On the (im)possibility of fairness
This paper suggests that the mapping from the "observed space", attributes that can be collected, to the "decision space", the output of the model, must go through a novel "construct space", a space that translates observed attributes into meaningful but unobservable variables. They define fairness to be the fidelity (distance between pairs of points) of the mapping from the construct space to the decision space. They suggest that fairness requires assumptions about the mapping from the observed space to the construct space, and that these assumptions are biased by one's worldview.
Two worldviews they identify are (1) What You See Is What You Get (WYSIWYG), where the observable nature of the world accurately reflects the construct space, and (2) We're All Equal (WAE), where you assume that all groups (for example, all groups of different races) should have the same distribution of good values. An example that clarifies the difference is using SAT scores (observable) in place of academic potential (not observable, in construct space) to determine whether or not someone should be admitted to a college (decision). In WYSIWYG, if high SAT scores are associated with the male gender, you would say that males have more academic potential than females and more should be admitted to college. In WAE, you assume that females have just as much academic potential as males, so an equal number should be admitted to college (maybe you still pick the males and females with the highest SAT scores in their respective gender groups).
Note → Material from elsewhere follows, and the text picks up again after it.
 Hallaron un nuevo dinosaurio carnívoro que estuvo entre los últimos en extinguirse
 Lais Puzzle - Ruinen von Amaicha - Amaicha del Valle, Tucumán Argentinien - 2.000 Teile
I don't think one of these is any more valid than the other, but this paper does show how these two different worldviews can create two different determinations. In our ranking paradigm, this may be an interesting implication. It would be interesting to see if the fidelity measure they were using (Gromov-Wasserstein distance) works in the case of ranking where order may matter but scoring does not (less constrained by the idea of measurable distance).
Identifying Significant Predictive Bias in Classifiers
This paper is a bit different from the other two. It gives an algorithm to find an anomalous subgroup in a model. For example, in COMPAS, African American females who previously committed a misdemeanor had an overestimated recidivism risk. This algorithm works in linear time, and it identifies the most anomalous subgroup in a model. These subgroups are given a score, so you could say that if all subgroups had a score below a certain threshold, that your model did not have significant bias. However, if you had a subgroup with a score above that threshold, you could say your model had some bias against that subgroup.
This may be relevant to ranking, especially in the translation of these ideas to the ranking toolkit (RANKIT) that the other group of undergraduates is doing.
Certainly, we would like to create an algorithm or series of algorithms that can be eventually "plugged in" to the RANKIT toolkit. The goal would be to define fairness and bias in ranking in such a way that the toolkit is comprehensive to all possible scenarios (or a reasonable collection of scenarios).